I really wanted to write my own drivers and not use outside libraries. This was done so I could get a deeper understanding of embedded devices, and to tailor the interfaces based on my requirements. I used C++, so each sensor has its own class.

Sensors: Each sensor class inherits from SensorBase, which provides a common interface for initialization, sending telemetry data, and shutting down. This allows each sensor to be managed uniformly, while still using the appropriate communication protocol (I2C or UART) through a dereferenced pointer. This design enables flexibility, as new sensors can be easily integrated by inheriting from the base class and specifying their communication protocol and unique identifier for verification.

Flight Computer: I chose UART for intercommunication between the flight computer and transmitter because of its reliability in noisy environments. Protocols like SPI or I2C relay on clock signals, and can be disrupted by high inductive noise generated by the drones motors, leading to data loss. However, compared to clock based protocols UART has a much lower data transfer rate and overall transfer speed. This means that it will take more clock cycles to send the same data packet over UART verses I2C or SPI. To mitigate this, I implemented DMA (Direct Memory Access), allowing the STM32 to offload data transfer tasks to a dedicated memory controller. This ensures the flight computer remains updated with command data. The flight transmitter will toggle a pin to high, indicating to the flight computer that a command is ready to be read.

Flight Transmitter: The flight transmitter is built using an Arduino and serves as the bridge between the flight computer and the server using MQTT. It serializes telemetry into JSON, which is then transmitted to the server. It de-serializes commands into a byte stream, and sends it to the flight computer. A key feature of command system is its robust error handling: when a command is sent, the transmitter waits for an acknowledgment. If a response is not received or a checksum mismatch is detected, the transmitter sends an error state and reports the issue back to the server, providing reliable command state estimation and fault tolerance.

Challenges & Lessons Learned

Out of all my personal projects, this one presented the most "unexpected" challenges and lessons. These ranged from software, packaging, physical ect.

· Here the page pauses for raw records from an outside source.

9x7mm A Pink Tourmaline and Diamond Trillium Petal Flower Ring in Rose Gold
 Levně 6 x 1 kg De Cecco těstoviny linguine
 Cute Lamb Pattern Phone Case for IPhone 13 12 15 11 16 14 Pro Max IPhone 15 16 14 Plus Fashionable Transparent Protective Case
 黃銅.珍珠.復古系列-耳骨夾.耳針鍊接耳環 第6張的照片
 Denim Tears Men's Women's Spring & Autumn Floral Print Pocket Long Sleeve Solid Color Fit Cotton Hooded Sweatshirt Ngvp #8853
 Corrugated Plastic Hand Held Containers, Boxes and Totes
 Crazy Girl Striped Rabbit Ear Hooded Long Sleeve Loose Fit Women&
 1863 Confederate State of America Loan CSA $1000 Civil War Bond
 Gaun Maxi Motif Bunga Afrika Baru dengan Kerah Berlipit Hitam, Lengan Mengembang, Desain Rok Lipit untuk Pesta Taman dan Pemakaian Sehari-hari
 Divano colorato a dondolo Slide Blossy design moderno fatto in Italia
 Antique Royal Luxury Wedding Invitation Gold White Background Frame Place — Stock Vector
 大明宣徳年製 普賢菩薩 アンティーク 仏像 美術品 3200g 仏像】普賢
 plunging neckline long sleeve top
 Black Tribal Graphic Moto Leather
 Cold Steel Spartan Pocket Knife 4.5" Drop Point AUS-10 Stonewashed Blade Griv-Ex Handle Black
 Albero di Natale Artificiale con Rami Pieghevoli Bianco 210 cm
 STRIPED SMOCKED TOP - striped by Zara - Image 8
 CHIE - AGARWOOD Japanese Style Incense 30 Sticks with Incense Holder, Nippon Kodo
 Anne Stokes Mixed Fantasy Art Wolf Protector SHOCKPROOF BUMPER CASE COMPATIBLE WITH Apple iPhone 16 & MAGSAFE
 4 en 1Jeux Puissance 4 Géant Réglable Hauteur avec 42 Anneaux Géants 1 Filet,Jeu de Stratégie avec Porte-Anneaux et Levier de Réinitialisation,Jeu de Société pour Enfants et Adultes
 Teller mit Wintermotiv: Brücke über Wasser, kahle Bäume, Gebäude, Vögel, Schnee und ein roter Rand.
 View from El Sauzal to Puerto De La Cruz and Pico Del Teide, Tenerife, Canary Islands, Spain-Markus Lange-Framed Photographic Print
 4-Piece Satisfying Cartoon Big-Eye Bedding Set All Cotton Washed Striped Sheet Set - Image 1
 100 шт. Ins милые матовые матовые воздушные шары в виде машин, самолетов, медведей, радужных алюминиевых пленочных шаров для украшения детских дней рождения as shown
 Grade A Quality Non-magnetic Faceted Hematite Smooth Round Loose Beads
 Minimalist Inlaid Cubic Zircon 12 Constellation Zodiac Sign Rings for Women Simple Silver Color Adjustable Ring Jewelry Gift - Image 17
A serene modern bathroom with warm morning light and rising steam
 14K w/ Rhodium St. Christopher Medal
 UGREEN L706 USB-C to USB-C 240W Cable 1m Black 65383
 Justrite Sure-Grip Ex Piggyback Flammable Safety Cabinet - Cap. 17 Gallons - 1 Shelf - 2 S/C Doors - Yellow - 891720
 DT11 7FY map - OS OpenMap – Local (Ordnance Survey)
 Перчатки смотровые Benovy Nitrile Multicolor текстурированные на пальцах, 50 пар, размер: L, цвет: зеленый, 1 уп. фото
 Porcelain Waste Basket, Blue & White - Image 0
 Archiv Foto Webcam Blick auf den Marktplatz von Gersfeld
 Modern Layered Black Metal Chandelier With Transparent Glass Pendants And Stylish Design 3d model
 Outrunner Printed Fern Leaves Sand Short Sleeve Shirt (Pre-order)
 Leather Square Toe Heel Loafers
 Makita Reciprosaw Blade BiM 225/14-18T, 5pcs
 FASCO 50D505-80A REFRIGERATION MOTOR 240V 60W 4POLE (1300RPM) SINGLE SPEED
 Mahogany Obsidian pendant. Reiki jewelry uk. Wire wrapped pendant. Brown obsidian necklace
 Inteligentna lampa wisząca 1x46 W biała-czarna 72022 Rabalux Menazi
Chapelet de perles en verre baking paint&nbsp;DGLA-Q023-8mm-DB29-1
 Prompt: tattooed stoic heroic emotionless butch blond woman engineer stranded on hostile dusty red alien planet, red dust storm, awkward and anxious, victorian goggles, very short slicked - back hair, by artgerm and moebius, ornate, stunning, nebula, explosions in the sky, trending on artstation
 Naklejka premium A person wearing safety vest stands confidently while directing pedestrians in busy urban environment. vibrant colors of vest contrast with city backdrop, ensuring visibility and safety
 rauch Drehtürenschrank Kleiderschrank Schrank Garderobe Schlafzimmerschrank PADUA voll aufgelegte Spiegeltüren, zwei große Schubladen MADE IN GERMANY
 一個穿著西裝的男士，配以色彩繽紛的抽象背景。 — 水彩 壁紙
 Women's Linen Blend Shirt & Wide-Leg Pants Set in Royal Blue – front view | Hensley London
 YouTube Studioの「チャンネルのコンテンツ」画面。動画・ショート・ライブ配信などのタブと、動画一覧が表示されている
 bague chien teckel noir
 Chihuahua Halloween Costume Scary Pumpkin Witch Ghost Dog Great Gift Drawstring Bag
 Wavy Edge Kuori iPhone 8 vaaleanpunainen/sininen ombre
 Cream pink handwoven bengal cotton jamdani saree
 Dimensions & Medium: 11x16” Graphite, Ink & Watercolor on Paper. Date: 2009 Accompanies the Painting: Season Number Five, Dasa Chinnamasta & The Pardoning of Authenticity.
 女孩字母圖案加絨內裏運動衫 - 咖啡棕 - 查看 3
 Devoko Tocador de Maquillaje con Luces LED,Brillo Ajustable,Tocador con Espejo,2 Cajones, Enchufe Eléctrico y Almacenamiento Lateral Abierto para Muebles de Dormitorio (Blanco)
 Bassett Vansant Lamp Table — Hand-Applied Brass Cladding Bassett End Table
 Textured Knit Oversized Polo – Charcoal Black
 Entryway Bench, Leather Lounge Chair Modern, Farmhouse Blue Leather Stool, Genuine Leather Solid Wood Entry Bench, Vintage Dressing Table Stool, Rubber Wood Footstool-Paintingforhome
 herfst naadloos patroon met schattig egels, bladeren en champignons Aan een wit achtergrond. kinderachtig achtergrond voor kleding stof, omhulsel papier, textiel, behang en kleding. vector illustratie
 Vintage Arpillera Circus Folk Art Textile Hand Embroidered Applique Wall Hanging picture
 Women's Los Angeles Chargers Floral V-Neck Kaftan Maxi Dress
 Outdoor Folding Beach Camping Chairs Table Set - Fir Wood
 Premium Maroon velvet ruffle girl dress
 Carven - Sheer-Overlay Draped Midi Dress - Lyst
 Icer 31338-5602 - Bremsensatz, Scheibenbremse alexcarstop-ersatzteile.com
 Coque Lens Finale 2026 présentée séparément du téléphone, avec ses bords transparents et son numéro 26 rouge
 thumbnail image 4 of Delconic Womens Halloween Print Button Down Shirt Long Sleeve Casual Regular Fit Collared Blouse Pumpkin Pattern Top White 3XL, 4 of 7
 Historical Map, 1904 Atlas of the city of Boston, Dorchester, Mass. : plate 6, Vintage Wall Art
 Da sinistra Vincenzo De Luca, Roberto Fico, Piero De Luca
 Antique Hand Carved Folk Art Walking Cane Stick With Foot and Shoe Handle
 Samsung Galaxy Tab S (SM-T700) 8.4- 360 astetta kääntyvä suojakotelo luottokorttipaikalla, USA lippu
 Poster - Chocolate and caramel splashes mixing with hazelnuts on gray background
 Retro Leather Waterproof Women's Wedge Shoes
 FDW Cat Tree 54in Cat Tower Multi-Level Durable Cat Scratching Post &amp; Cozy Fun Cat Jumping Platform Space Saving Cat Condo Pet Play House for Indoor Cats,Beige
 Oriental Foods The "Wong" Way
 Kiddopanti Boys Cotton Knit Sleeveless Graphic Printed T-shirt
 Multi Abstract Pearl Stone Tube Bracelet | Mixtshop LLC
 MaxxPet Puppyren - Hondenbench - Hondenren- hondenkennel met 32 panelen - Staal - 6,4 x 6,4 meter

Heres a list of some of my favorites:

Challenge: Carbon Fiber Conductivity

While running a motor test, I learned that carbon fiber is conductive by shorting the filtering capacitor to the frame of the drone. This short caused a lot of smoke, and if it wasn't for my power delivery board's diode I would've fried all my ESC's.

Solution: I insulated all of the conductive surfaces, and made sure each component was isolated from ground.

Challenge: Packaging and Space Constraints

During this project, packaging was a major issue. I had selected a pretty small chassis to mount everything to. While this was cheap, I had very little mounting points for all my breakout and discovery boards.

Solution: I stacked everything as best I could, using custom cases that I 3D printed. However, unless I purchase a different chassis, this problem is going to persist.

Challenge: Vibrations

The high frequency vibrations are causing 2 major issues: every screw is backing out of their taps, and the IMU data is almost unusable because of how inconsistent the data is.

Solution: Using rubber and foam on each motor, I dampened the vibrations from the source. Additionally, I re-positioned the IMU and surrounded is with adhesive and rubber to isolate it from the frame. I also used loctite to ensure the screws wouldn't back out.